Après quelques verres, il s’enhardissait. Il avait descendu la moitié de la bouteille, je me suis empressé de tempérer :
– J’en suis presqu’à la fin. Mais je crains d’avoir volé leur âme…
– À qui ?
– Edmond K., Albertine. Je me demande si j’ai le droit…
– Tous les droits, Naz, c’est toute la grandeur du roman.
– Je ne crois pas. C’est comme pour les caricatures, il y a une limite.
– As-tu été irrespectueux envers eux ?
– Non, je suis resté au plus près- Eux en moi. L’impression de les avoir dévorés vivants. Yann, l’ami de Duras…
Il s’est renversé sur sa chaise, dans un soupir d’exaspération. M’a regardé comme un extraterrestre :
– Madame de Warens aurait dû poursuivre Rousseau, qui révélait le ménage à trois des Charmettes et divulguait qu’elle avait détourné un mineur ? Proust aurait dû crouler sous les procès de Montesquiou et de la comtesse de Chevigné ? Et les contemporains de Stendhal ou de Balzac, ils auraient dû grossir une foule d’indignés en se reconnaissant dans leurs œuvres ?
– C’était une autre époque. Aujourd’hui, les procès pleuvent.
– La question demeure à jamais la même, Naz. Tu ne prétends tout de même pas te mesurer à l’éternité ! Allons, tu n’as qu’à écrire sous pseudo s’il le faut.
Cette crapule avait fait mouche. Dans une ultime sale, il m’asséna encore :
– Le roman est plus proche de la vérité que la réalité.

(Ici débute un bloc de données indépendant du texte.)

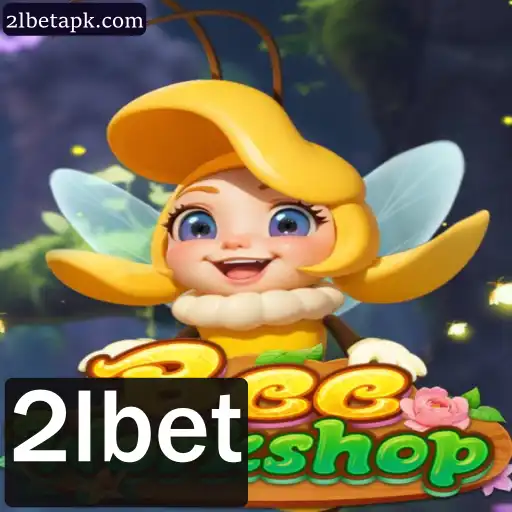 BeeWorkshop: Descubra os Segredos do Novo Jogo que Está Conquistando Todos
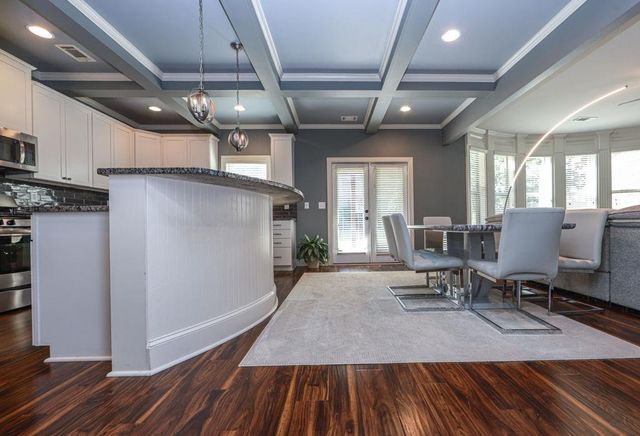 4669 Sierra Creek Drive, Hoschton, GA 30548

Que resterait-il de la littérature si les écrivains ne devaient se contenter que d’inventer ? Mais dans quelle mesure apprécierais-je que l’on utilise mon histoire (qui est quand même bien la seule chose que je possède ici-bas) pour en faire une fiction ? Je ne lance pas de débats, les questions ont depuis toujours été posées. L’avantage de ce roman est que je me les pose, et que je me retrouve bien en peine pour trouver des réponses qui fassent fi de la nécessité de la création ou d’une morale que l’on m’a inculquée. Quid des romanciers, quid de leurs personnages, qui possède qui, qui manipule qui ? La Peau des grenouilles vertes est un roman (bah oui, quand même) passionnant, dans lequel on se retrouve piégé. Ce n’est pas tant le fait divers qui est finalement mis en avant, ce livre est plutôt une réflexion globale sur l’acte de création. En espérant juste que la réalité ne se retrouve pas écorchée par la fiction. Mais cela, seuls Albertine et Edmond pourraient nous le dire.